Download or read book Escaping the Poverty Trap written by Amartya Sen and published by IDB. This book was released on 2003 with total page 140 pages. Available in PDF, EPUB and Kindle. Book excerpt: Basing their discussions on the concept of "intergenerational transmission of poverty"--the "process by which poor parents pass on poverty and disadvantage to their children," in the words of editor Moran (until recently a senior economist with the International Development Bank's Sustainable Development Department)--five essays reflect on political, philosophical, social, and other dimensions of investing in early childhood in Latin America. The essays include Amartya Sen's discussion of early childhood investment within the context of the overall development process, as well explorations of the relationship between health, nutrition, and cognitive and social dimensions of poverty; the impact of early childhood investment on economic growth and equity; and the role of the state in marshalling resources for early childhood investment. Distributed by Johns Hopkins U. Press. Annotation : 2004 Book News, Inc., Portland, OR (booknews.com).

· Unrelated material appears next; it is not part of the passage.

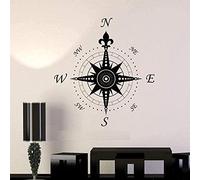Sticker Mural Vinyle Amovible Motif Rose Des Vents 56X60 Cm
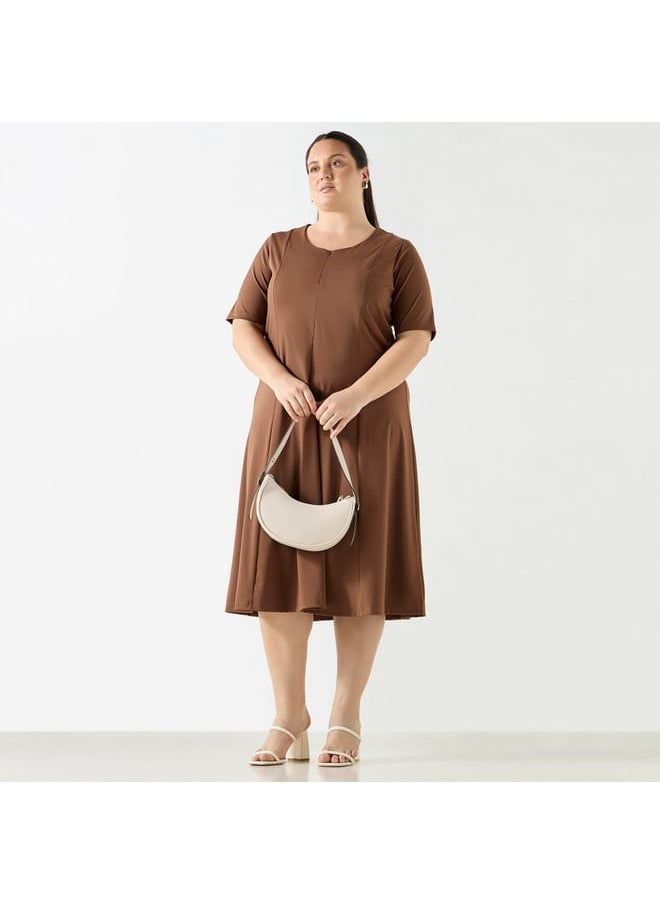 Ulla Popken Plus Size Ulla Popken Solid Midi Dress with Short Sleeves and Zip Closure  - Image 2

Download or read book Behavioral Science Policy Volume 5 Issue 1 written by Craig R. Fox and published by Brookings Institution Press. This book was released on 2020-02-11 with total page 99 pages. Available in PDF, EPUB and Kindle. Book excerpt: The success of nearly all public- and private-sector policies hinges on the behavior of individuals, groups, and organizations. Today, such behaviors are better understood than ever, thanks to a growing body of practical behavioral science research. However, policymakers often are unaware of behavioral science findings that may help them craft and execute more effective and efficient policies. The pages of this journal will become a meeting ground: a place where scientists and non-scientists can encounter clearly described behavioral research that can be put into action. By design, the scope of Behavioral Science & Policy is broad, with topics spanning health care, financial decisionmaking, energy and the environment, education and culture, justice and ethics, and work place practices. Contributions will be made by researchers with expertise in psychology, sociology, law, behavioral economics, organization science, decision science, and marketing. The journal is a key offering of the Behavioral Science & Policy Association in partnership with the Brookings Institution. The mission of BSPA is to foster dialog between social scientists, policymakers, and other practitioners in order to promote the application of rigorous empirical behavioral science in ways that serve the public interest. BSPA does not advance a particular agenda or political perspective.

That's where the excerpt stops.